Wer die 1990er und den Jahrtausendwechsel miterlebt hat – ob als Kind, Jugendliche*r oder Erwachsene*r – muss dank Adrian Lobes nicht nur schmunzeln, sondern bisweilen schallend lachen. Mit ‚Mach das Internet aus, ich muss telefonieren‘ hat der Journalist, Politikwissenschaftler und Autor (‚Speichern und Strafen. Die Gesellschaft im Datengefängnis‘) jene Aufforderung als Buchtitel gewählt, die im Alltag vieler Familien ein geflügeltes Wort war. Das Internet wurde noch über eine gemeinsame Leitung mit dem Telefon hergestellt. Das war jedoch nicht der einzige Stand der Medientechnik, der heute kaum noch vorstellbar ist. TikTok war zwar noch Zukunftsmusik, doch Jugendliche waren trotzdem an ihr Tastenhandy gefesselt: Der Grund war das Spiel Snake. Telefonieren war im damaligen Mobilfunknetz zu teuer, an WhatsApp und an Streaming dachte im Traum noch niemand. Deshalb war der Fernseher das beliebteste Freizeitmedium. Wer seine Lieblingsmusik bei sich haben wollte, nahm sie via Kassettenrekorder vom Radio auf. So nervig für die Smartphone-Genration nicht-funktionierendes WiFi ist, so nervig war damals der Bandsalat von Kassetten, der etwa mit Hilfe eines Stifts wieder entwirrt und aufgerollt werden konnte.
In acht Kapiteln arbeitet sich Lobe ab an Reality Shows, ‚Soziotopen‘ wie Chatrooms, Internetcafés („schossen wie Pilze aus dem Boden“), dem Gadget Gameboy oder dem ‚World Wide Web‘ („nicht mehr als ein aufgemotzter Bildschirmtext“): „Statt Tinder gab es «Herzblatt», statt Amazon den Quelle-Katalog, statt Facebook Poesiealben“.
Heranwachsende der 1990er und Nullerjahre sind aus Lobes Sicht ohnehin als „Schwellengeneration“ an einer „Online-Offline-Demarkationslinie“ aufgewachsen.
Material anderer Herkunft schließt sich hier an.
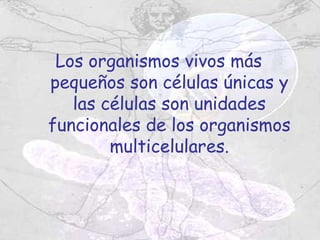 Los organismos vivos más
pequeños son células únicas y
   las células son unidades
funcionales de los organismos
        multicelulares.
 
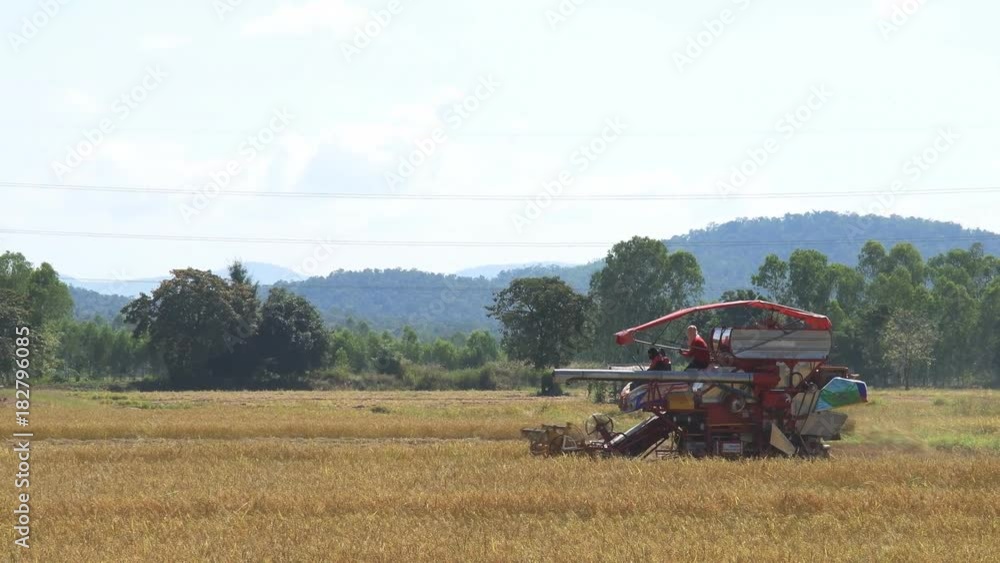 Harvesting agricultural combine machine with reel and cutter bar is threshing oats on farmland. Harvesting agricultural combine machine with reel and cutter bar is threshing oats on farmland.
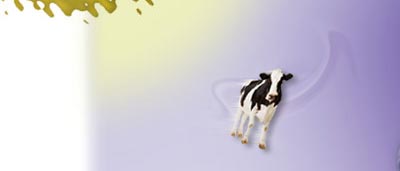 las vacas vuelan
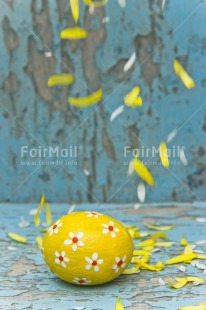 Fair Trade Photo Colour image, Colourful, Easter, Egg, Flower, Food and alimentation, Love, Marriage, Mothers day, New baby, Peru, Petals, South America, Thinking of you, Wedding, Yellow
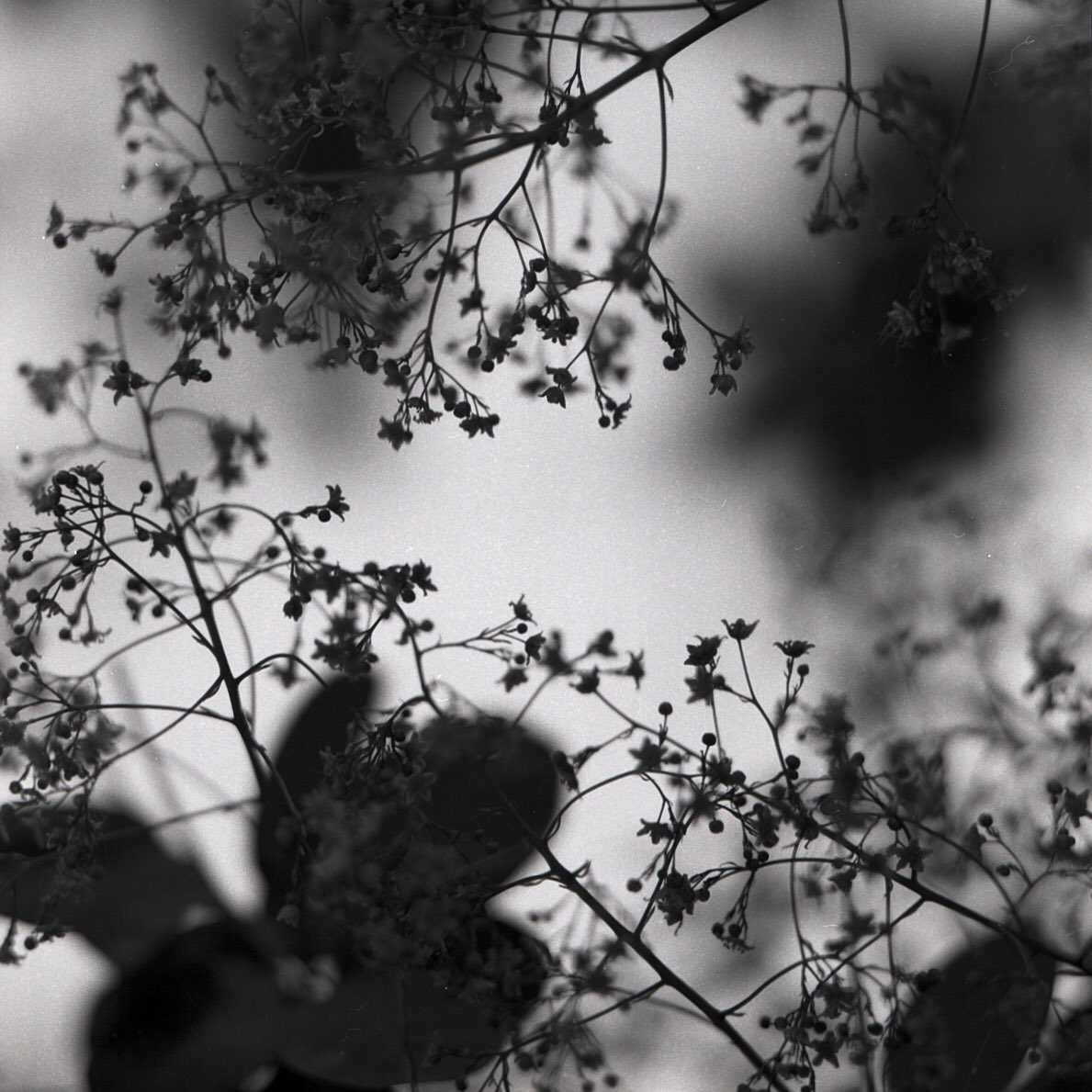 DrMarsRover May 30 Hootlet More Smoke tree @ILFORDPhoto HP5 Bronica SQ-A #ilfordphoto #fridayfavourites #plusfilms #ilfordhp5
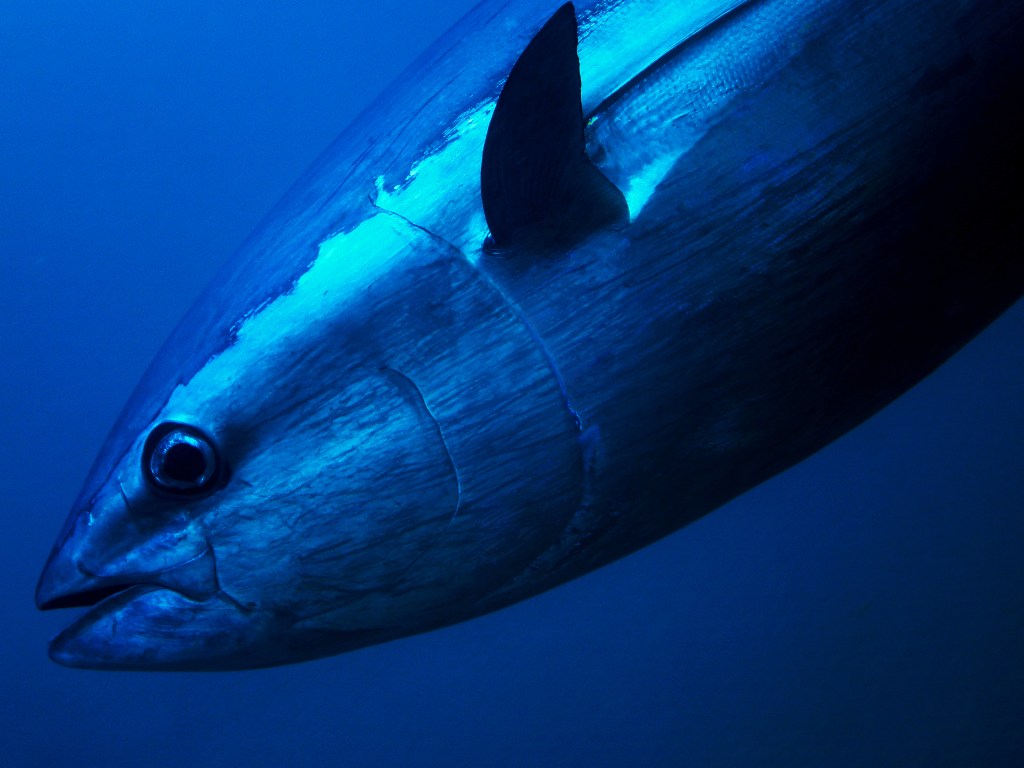 American fishing bucket list bluefin tuna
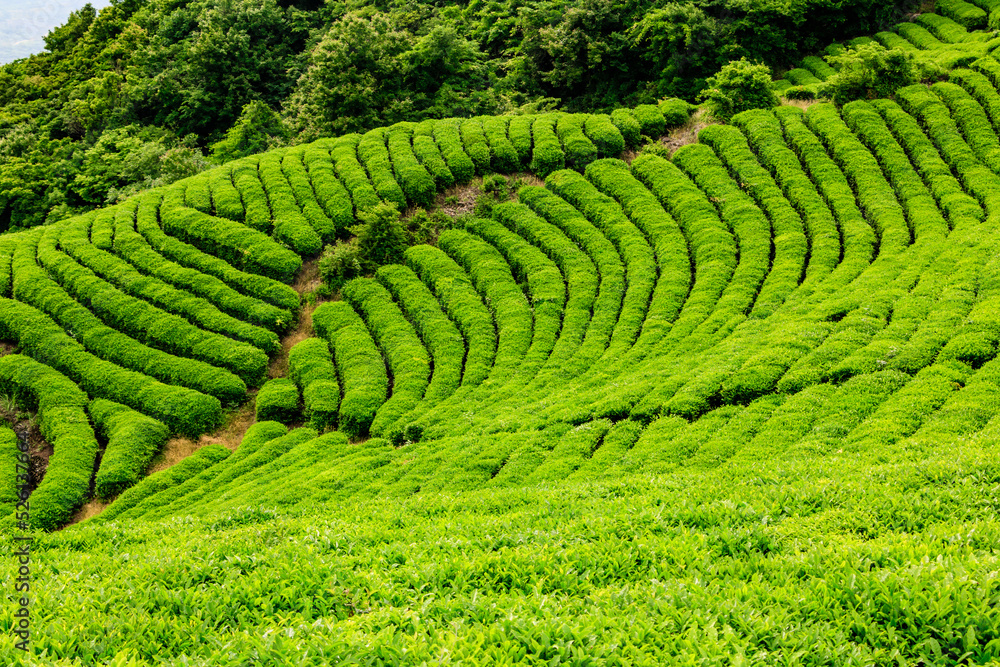 Tea garden scenery.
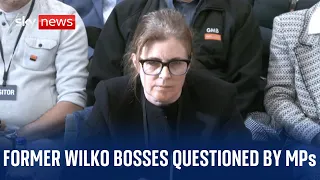 Former Chair and CEO give evidence to Business and Trade Committee on Wilko's collapse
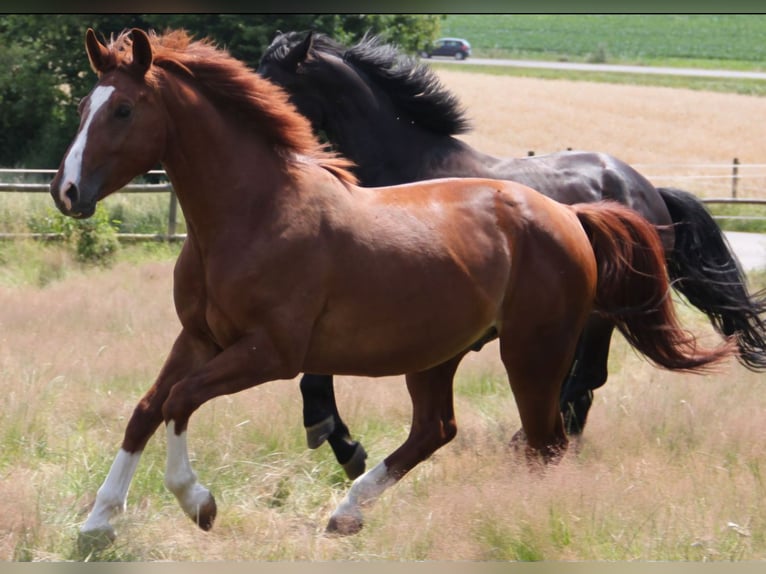 Bavarian Warmblood Gelding 13 years 16 hh Chestnut-Red in Landsberied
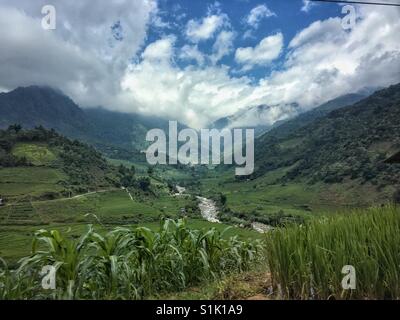 Lussureggianti risaie e il granturco dolce nelle montagne vicino a Sapa in Vietnam del Nord Foto Stock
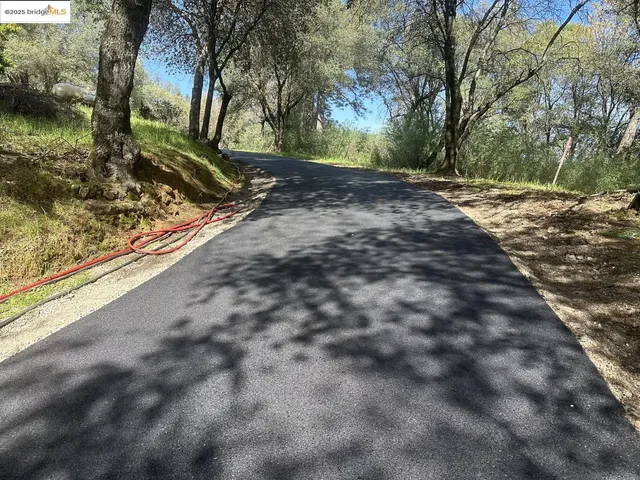 a view of a yard with plants and trees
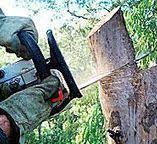 Best Tree and Shrub Care  in New London, OH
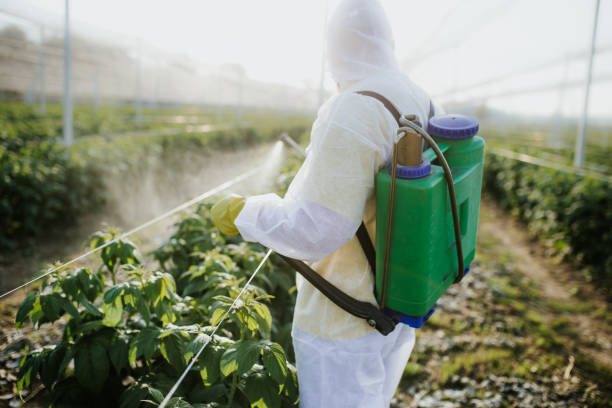 Best Cockroach Control Services  in Courtland, VA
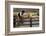 Cowboy and Horses-Darrell Gulin-Framed Photographic Print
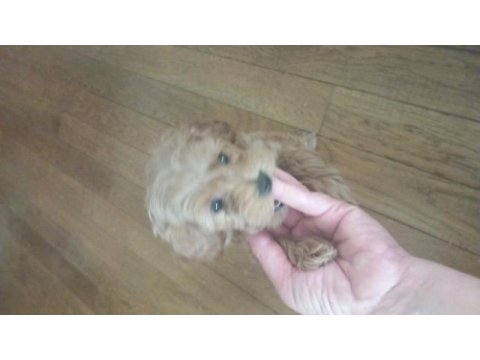 Köyün güzeli poodle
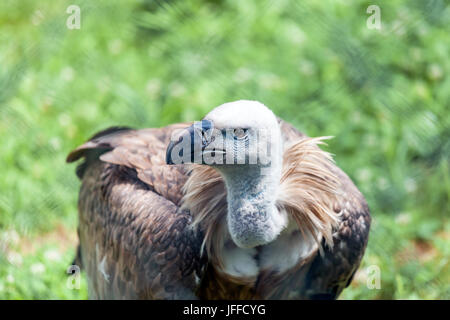 Vautour fauve (Gyps fulvus) regarde autour de lui et cherche de la nourriture pour lui-même Banque D'Images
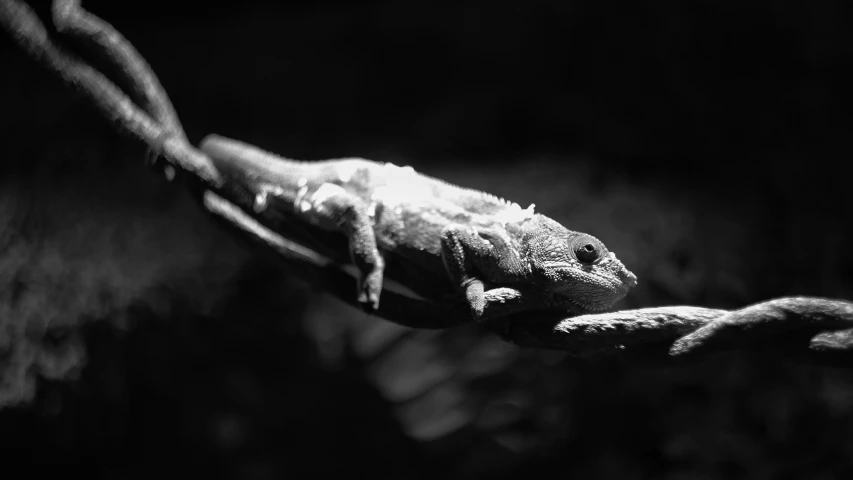 black and white po of lizard on limb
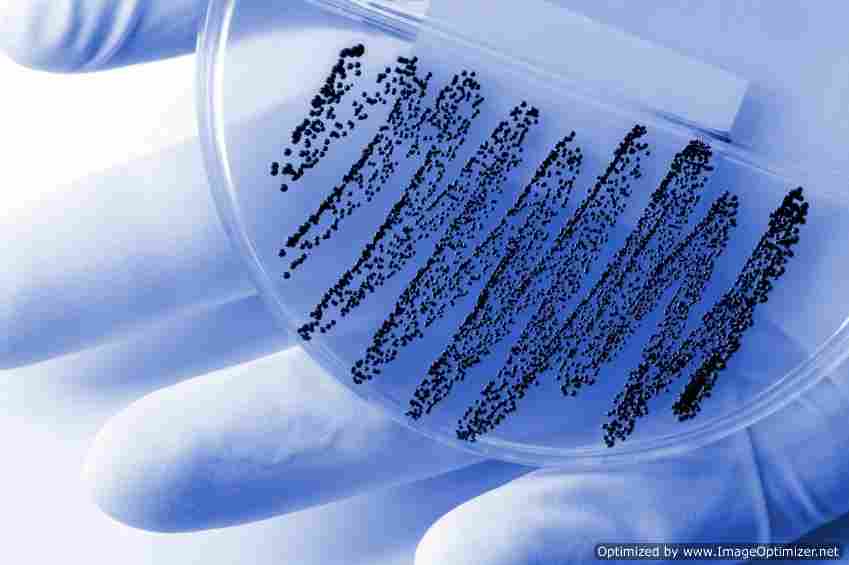 Research from University of Leicester sniffs out smell of disease in faeces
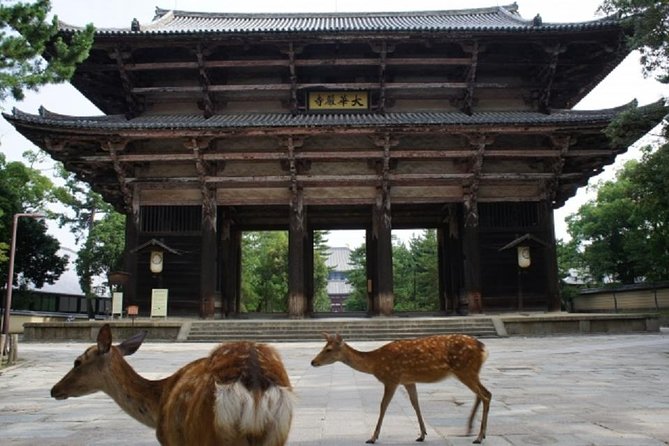 Nara Private Tour by Public Transportation from Osaka - Nara Park: deer sightings without losing the plot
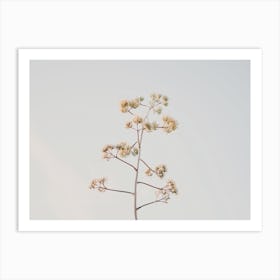 Yucca Plant Art Print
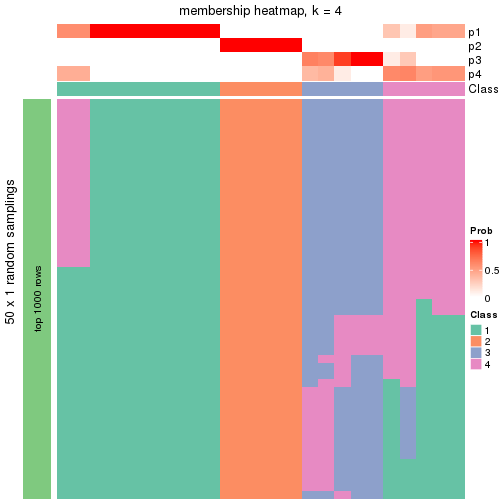 plot of chunk tab-node-031-membership-heatmap-3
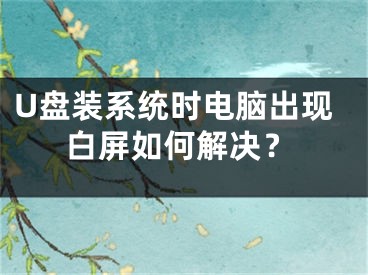 U盘装系统时电脑出现白屏如何解决？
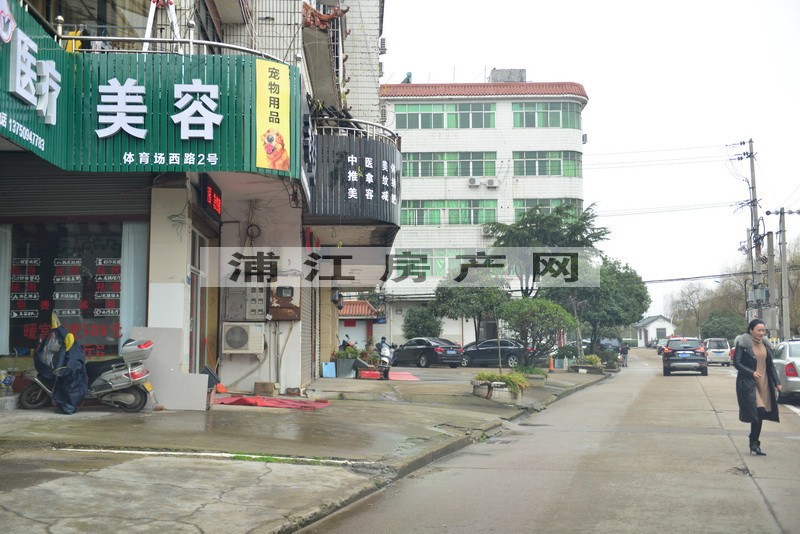 实景图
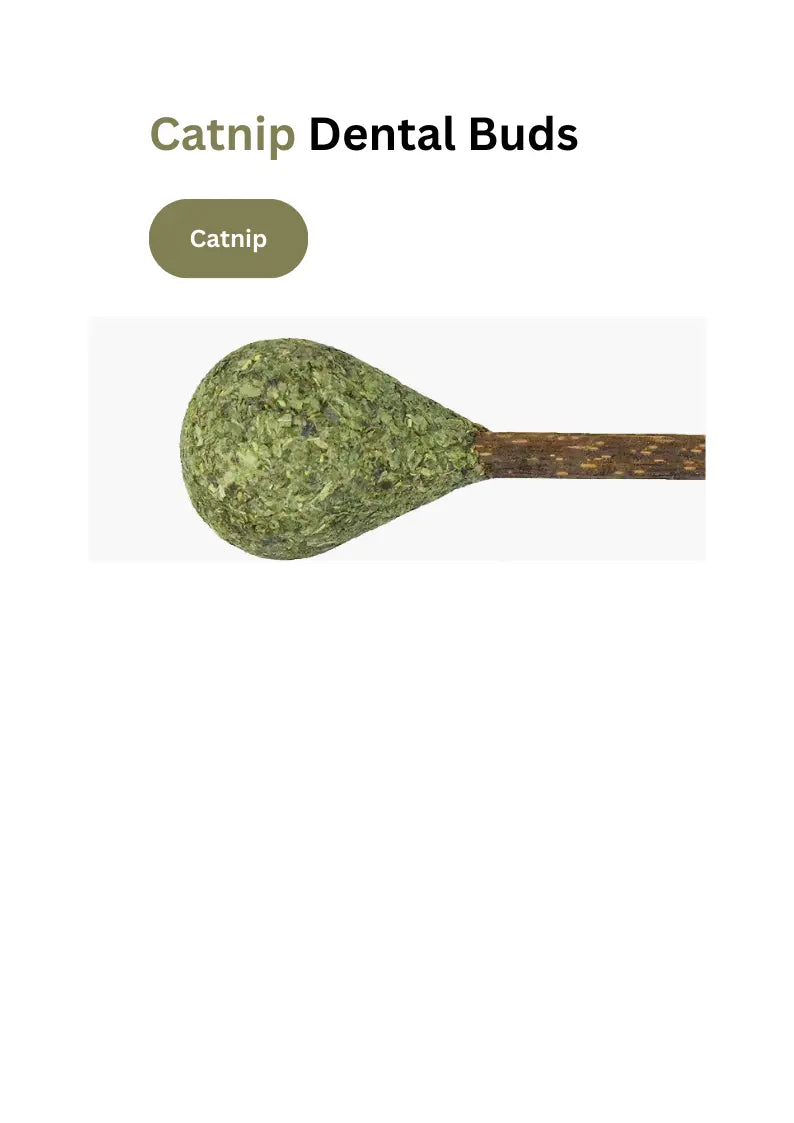 Catnip / Silvervine Dental Buds CATWANT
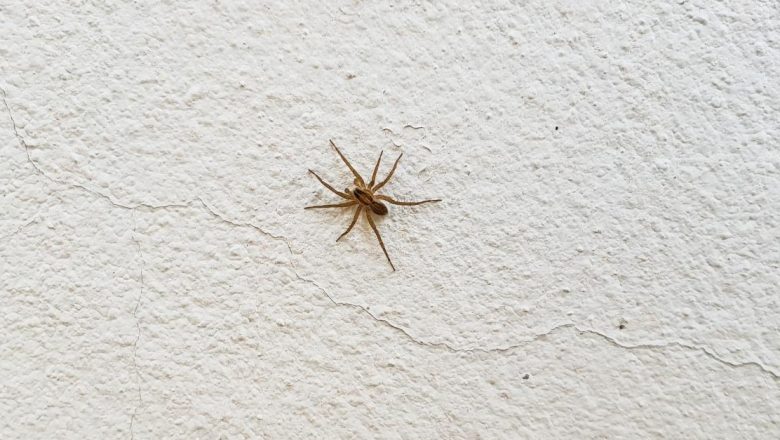 Soluții Naturale pentru Alungarea Păianjenilor: Ghid Complet pentru o Casă Fără Dăunători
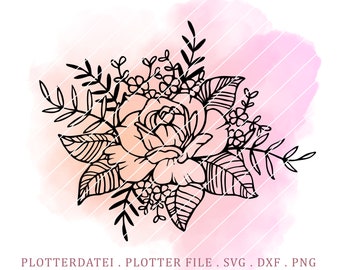 File plotter Rosa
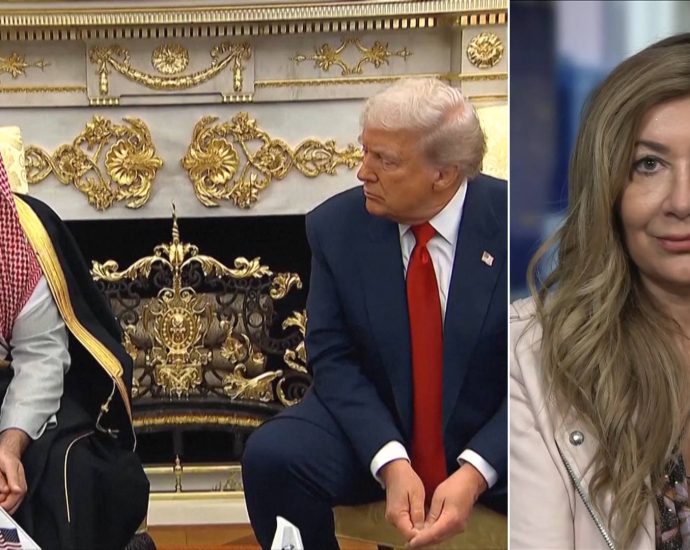 “from-apartheid-to-democracy”:-sarah-leah-whitson-on-new-book,-israel,-gaza-&-the-traitor-mbs-meeting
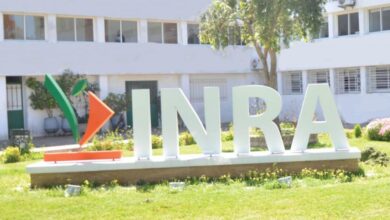 Photo de Partenariat stratégique entre l’INRA et Syngenta pour une agriculture durable au Maroc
Groß war die Sorge bei Erziehenden vor den negativen Folgen durch übermäßigen Fernseh- und Videospielkonsum. Das Tamagotchi polarisierte besonders, denn das Cyberküken forderte die ganze Aufmerksamkeit. „Die Lehrer verbannten das Modespielzeug aus dem Unterricht“. Hätten sie geahnt, was sich zwei Jahrzehnte später mit dem Smartphone im Klassenzimmer abspielen würde, sie wären wohl gelassener geblieben. Damals glich die Schule einem „Digital-Detox-Camp“ findet der Autor. Diese war eine nahezu medienfreie Zone im Vergleich zu heute. Es gab lediglich Schulbücher, einen Tageslichtprojektor und einen Röhrenfernseher, der in einem Schrank von Klassenzimmer zu Klassenzimmer geschoben wurde.
Lobes Blick „in die digitale Steinzeit“ ist eine Mischung aus unterhaltsamer, sehr humorvoller Rückschau in vergangene Medienwelten mit Zeit-, Politik-, Sport- sowie Technikgeschichte und einem nostalgisch-verklärenden Schwelgen in Kindheits- und Jugenderinnerungen. Dabei kommt er zu einem erstaunlichen Ergebnis: „Es gibt kaum Quellen. Obwohl die Anfangszeit des World Wide Web 30 Jahre zurückliegt, hat man das Gefühl, man würde als Hobby-Archäologe in der Altsteinzeit forschen, als wären die tieferen Bewusstseinsschichten von meterhohem Spam überlagert.“
Lobe, Adrian (2022): Mach das Internet aus, ich muss telefonieren. Kuriose Geschichten aus der digitalen Steinzeit. München: C. H. Beck Verlag, 12,95 €.